O autor parte, por exemplo, de uma palavra carregada para parte da sua investigação, que é “amor”. O autor procura explicar como é que ele entende este sentimento e em que medida é que ele é aplicável, mas tendo em conta que está a analisar um corpus específico e sob a perspectiva, também específica, de um nódulo interdisciplinar, poderia ter procurado avançar um conceito mais exacto. Afinal de contas, que tipo de amor é que Saunders pretenderia explorar? Qual é o amor que é mais pertinente na análise que pretende? Os antigos diferenciavam a pietas da agapé, a paixão da amizade, tudo formas distintas do que parece ser hoje um só sentimento por os misturarmos no único nome de “amor”. Mas não amamos os nossos amigos - que “escolhemos” com base numa vontade relativamente racional - como amamos os nossos pais (filiae) ou terra (patriae) - cujos laços surgem pela circunstancialidade inescapável - ou como amamos os ou as nossas amantes - as mais das vezes impelidos por tudo menos a razão.
Trabalhando no interior de uma ontologia limitada somente pelas noções epistemológicas da verdade, do conhecimento e da representação, perde-se o contacto com outro tipo de intensidades que também regem a experiência humana. Os afectos têm aqui um papel preponderante, como é de esperar: o investimento nestas personagens parte de uma fortíssima sensação de empatia, de associação imaginária, de um “faz-de-conta” que dá acesso a poderes - não somente as capacidades super-físicas destas personagens, mas as possibilidades sociais e políticas de acção que eles cumprem - inalcançáveis na sociedade real, a não ser através de uma sublimação que passa pela procura de possibilidades reais: “não posso parar balas com as mãos, mas que posso fazer pela segurança dos outros?”.
Saunders acaba por parecer um humanista no sentido em que crê que o indivíduo é o livre e único responsável da sua própria construção, logo estando-lhe disponíveis todas as escolhas morais e sociais. Mas sabemos desde Althusser e Foucault, acima de tudo, que a própria noção de sujeito é uma construção com determinações sociais, e que o indivíduo apenas o é instalado numa rede de relações de poder.
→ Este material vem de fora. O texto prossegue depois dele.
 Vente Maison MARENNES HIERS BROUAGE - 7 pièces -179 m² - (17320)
Até que ponto é que a análise de super-heróis que apenas agem em relação a crimes menores e moralmente claros - a menos que exista alguma teoria que possa advogar os aspectos positivos do roubo armado, da violação, do assassinato, etc. - é suficiente? Porque não analisar as aporias criadas pelas variadíssimas histórias de não-intervenção do Super-Homem em conflitos internacionais? Porque não incluir análises de séries novas e politicamente complexas como The Authority ou Ex Machina, de resto alvo de outros estudos?
Nota: este livro tem necessariamente de entrar em diálogo com outros títulos recentes, como Graven Images. Religion in Comic Books and Graphic Novels e Classics and Comics, de que esperamos dar conta em breve. Agradecimentos à editora pelo envio do livro, e ao autor, pela ajuda a consegui-lo.